Another type of system used for cleaning carpets with powder is the
DRYTECH cleaning machine sold by Sears, Roebuck & Company. The
machine has a self-contained vacuum capability and one beater bar
with several rows of short-bristled brushes. Such bar is within a
shroud which generally conforms to the shape of the bar and by
which vacuum is selectively applied. As the brush alone is rotated
at high speed, powder is dispensed through two slits, one on either
side of the bar between the bar and the shroud. Later, the vacuum
is actuated and dry powder (with dirt entrained) is dislodged by
the brush and drawn away by vacuum.
Several patents show machines which combine brush and vacuum
features for removing dirt from a surface. Although such machines
are described as being used to clean hard surfaces such as
uncarpeted floors, streets and cisterns, there are certain
characteristics worthy of mention. For example, the machine shown
in Bentley U.S. Pat. No. 1,759,881 uses spaced counter-revolving
brushes and two vacuum inlet passages. Each passage is defined by a
scraper blade and one side of a V-shaped deflector. Material
scraped from a brush by a blade is drawn into the vacuum inlet The
inlets are positioned at that part of the brush contacted by the
scraper, presumably for the purpose of immediately "capturing"
material dislodged by the scraper. The brushes and vacuum operate
simultaneously.
A machine used to clean out tanks is shown in Murray et al. U.S.
Pat. No. 715,408. The Murray machine uses spaced counter-revolving
brushes and a vacuum tube, the nozzle of which is at the location
where the brushes are in closest proximity to one another.
A street and lawn sweeping machine is shown in Keyes U.S. Pat. No.
755,596. The Keyes machine has separate support wheels, a pair of
contacting, counter-revolving brushes and an exhaust fan to carry
away dirt. The vacuum inlet opens at a location above and in
general registry with the line of contact of the bristles on the
brush rollers.
A type of cleaning machine is also shown in German Patent DE 33
16847 A1. Such machine uses a pair of spaced, counter-revolving
brushes with spaced rows of bristles. A vacuum nozzle extends the
length of the brushes and apparently has two panels, each of which
is in contact, or nearly in contact, with a brush. The brushes and
vacuum appear to operate simultaneously.
A street cleaning machine is shown in Duthie U.S. Pat. No.
1,069,773 and has a pair of counter-revolving brushes, each of
which is substantially confined within its own shroud. Each shroud
has a vacuum tube connected thereto for dirt removal.
A vacuum cleaning tool is shown in Bayless U.S. Pat. No. 3,753,263.
The Bayless tool uses separate support wheels and a pair of
counter-rotating beater bars fitted with rigid vanes or with
brushes. A vacuum nozzle is positioned between the bars and in
close proximity to the carpet. The tool is said to separate the
fibers of deep pile shag rugs so that the vacuum nozzle may extract
dirt therefrom.
None of the machines discussed above provide the advantages of a
dual machine capability to first apply dry carpet cleaning granules
to a carpet for cleaning its fibers and later remove the
dirt-ladened granules from the carpet using one or more vacuum
nozzles which are independently operable. Further, the designers of
such machines failed to appreciate how such vacuum nozzles can
advantageously be positioned to take advantage of the granule
"throw pattern" for most efficient granule removal.

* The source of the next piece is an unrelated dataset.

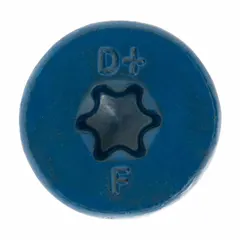 Case-hardened steel concrete anchor screw with a zinc-plated finish for corrosion resistance. Features a pointed tip and Torx drive for easy installation into concrete, brick, or block. Removable flat-head design. 100-pack.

That is, as a carpet is being cleaned using dry granules, such
granules are thrown or cast from the tips of the brush bristles
along trajectories generally tangent to the brush and generally
perpendicular to (but spaced from) the axis of rotation of the
brush. Some of these granules are cast against the shroud which
covers the brushes and define a "throw pattern" on the bottom
surface of such shroud. Such throw pattern may be a single,
generally rectangular area positioned directly above the space
between the brushes or such pattern may comprise two such areas
which are spaced apart from one another.
Earlier workers in this field have failed to understand how one or
more vacuum nozzles may be positioned in the shroud to be generally
coincident with such throw pattern, thereby providing a more
efficient vacuuming capability. A machine having relatively low
speed, long-bristled, counter-revolving brushes for first applying
dry carpet cleaning granules in the absence of vacuum and later
using the combined action of the brushes and the independently
operable vacuum to remove the granules from the carpet would be an
important advance in the art.
OBJECTS OF THE INVENTION
It is an object of this invention to overcome some of the problems
and shortcomings of the prior art.
Another object of this invention is to provide an improved carpet
cleaning machine for applying substantially dry cleaning granules
to the carpet and later removing such granules by vacuum.
Another object of this invention is to provide an improved carpet
cleaning machine having at least one vacuum nozzle with its inlet
positioned generally coincident with a throw pattern defined by
granules cast against the bottom surface of the machine shroud.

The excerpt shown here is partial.